◆ THE DATA:
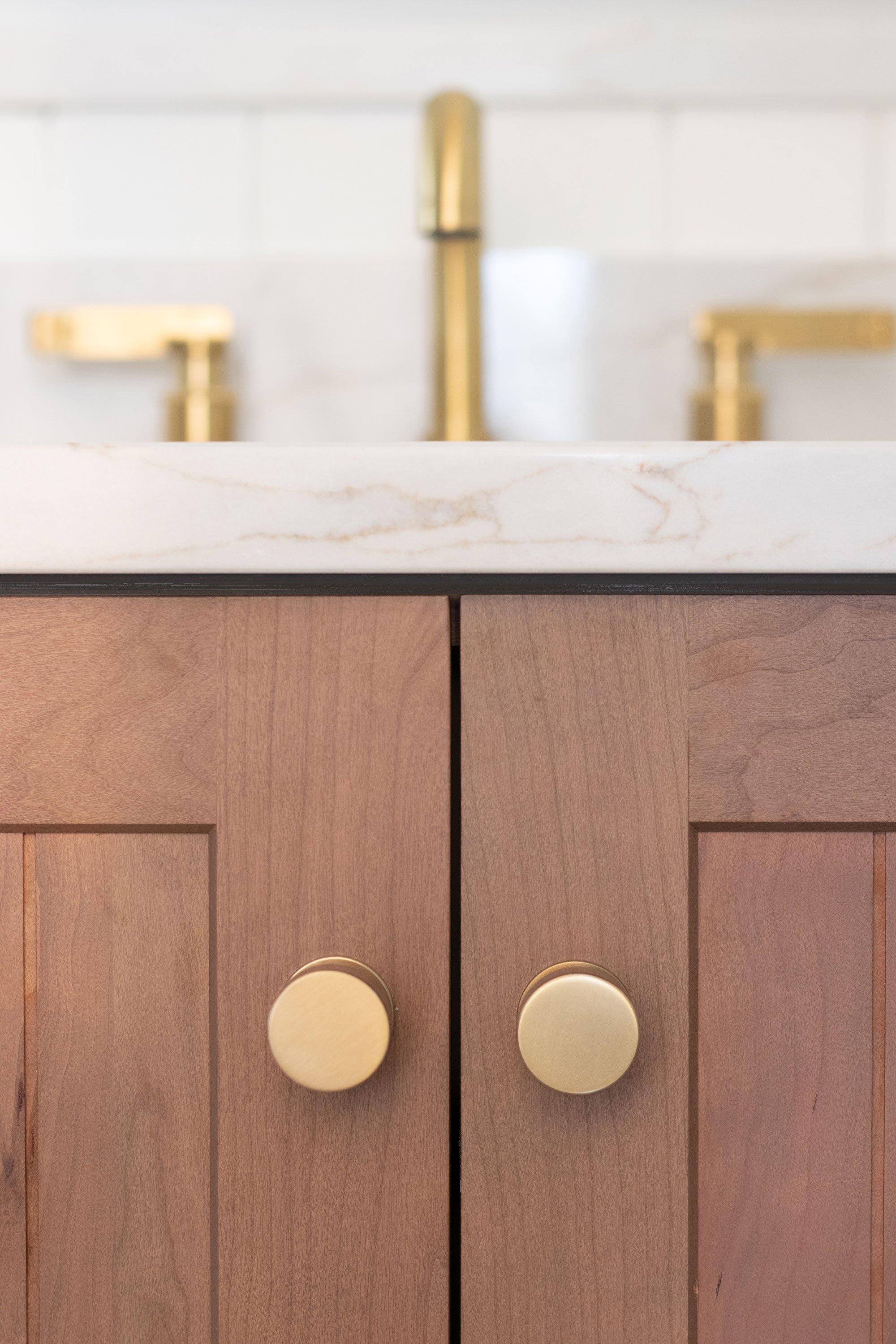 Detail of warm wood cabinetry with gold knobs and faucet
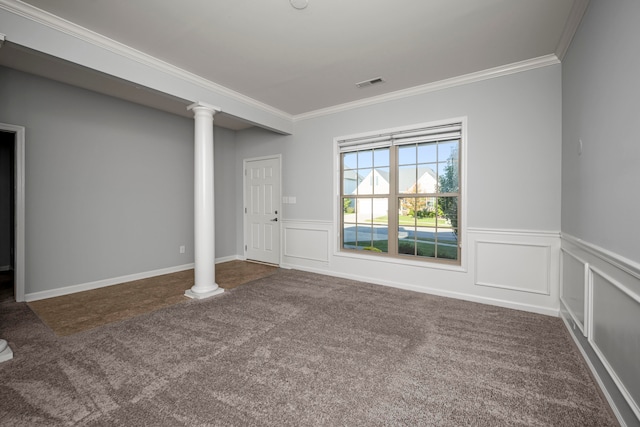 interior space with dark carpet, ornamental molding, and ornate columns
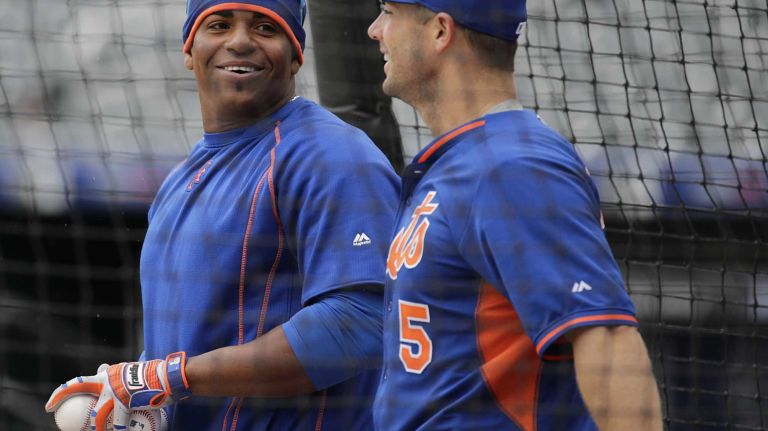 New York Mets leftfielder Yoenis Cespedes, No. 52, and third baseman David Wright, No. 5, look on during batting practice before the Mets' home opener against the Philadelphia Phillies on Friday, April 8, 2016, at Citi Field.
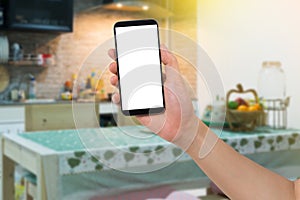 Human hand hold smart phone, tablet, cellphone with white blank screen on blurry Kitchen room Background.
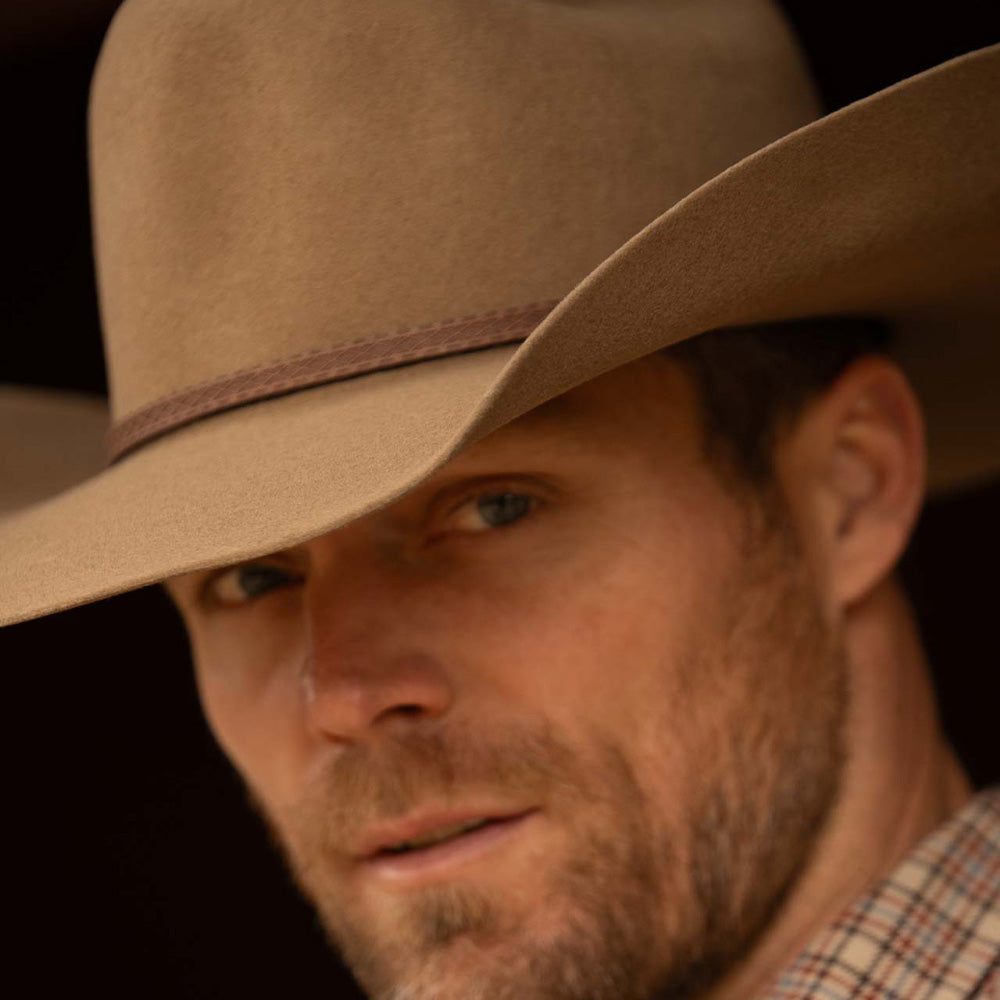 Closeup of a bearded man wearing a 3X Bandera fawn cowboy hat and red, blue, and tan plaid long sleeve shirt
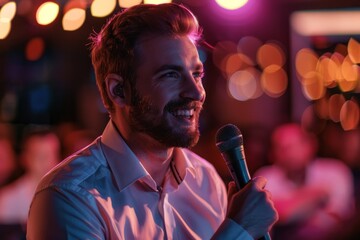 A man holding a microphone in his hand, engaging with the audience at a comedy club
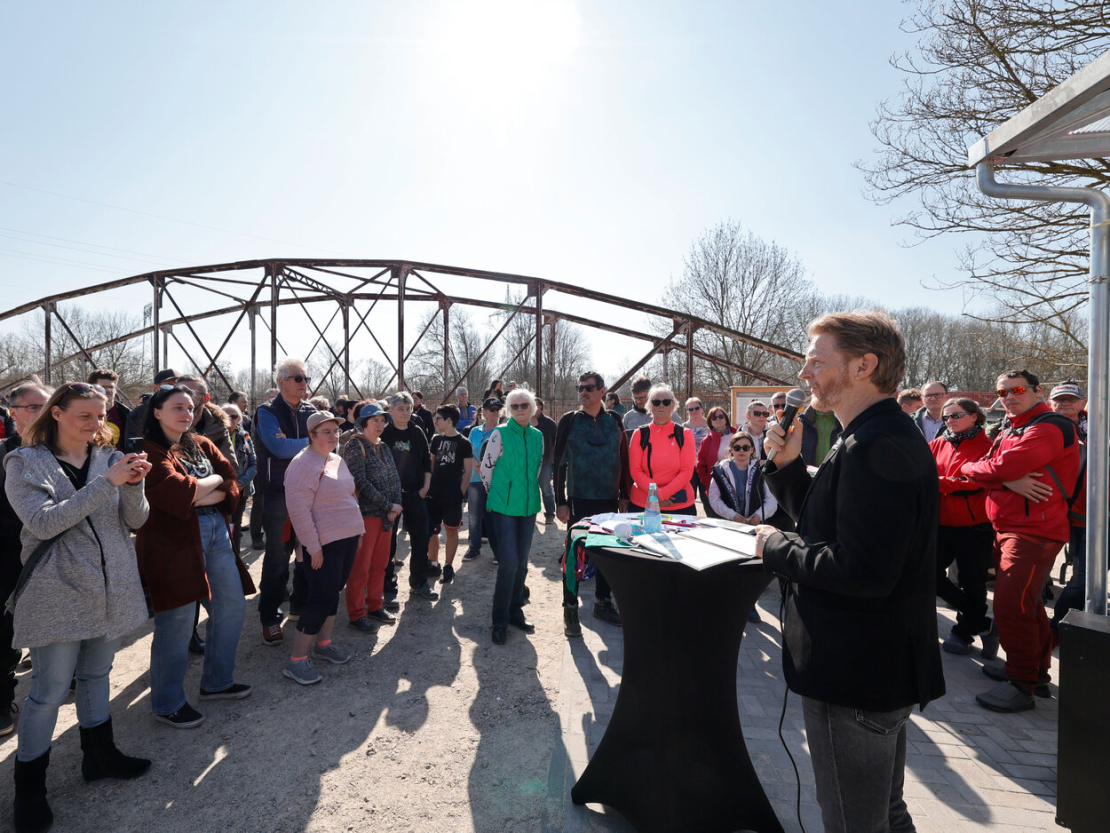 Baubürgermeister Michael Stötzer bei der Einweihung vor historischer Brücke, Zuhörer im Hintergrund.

...

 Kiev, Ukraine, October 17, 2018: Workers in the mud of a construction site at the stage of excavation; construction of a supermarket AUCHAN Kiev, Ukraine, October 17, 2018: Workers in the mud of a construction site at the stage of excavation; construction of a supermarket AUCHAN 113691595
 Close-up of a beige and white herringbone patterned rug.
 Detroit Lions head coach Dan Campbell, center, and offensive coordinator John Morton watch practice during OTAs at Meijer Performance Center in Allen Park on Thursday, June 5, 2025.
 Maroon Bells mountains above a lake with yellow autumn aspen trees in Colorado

◆ THE TASK:
Print, exactly, each line above from the one with "Detail of warm" to the one with "interior space with", end lines included. Leave pictures out of it.

◆ REPLY TO THE TASK:
 Detail of warm wood cabinetry with gold knobs and faucet
 interior space with dark carpet, ornamental molding, and ornate columns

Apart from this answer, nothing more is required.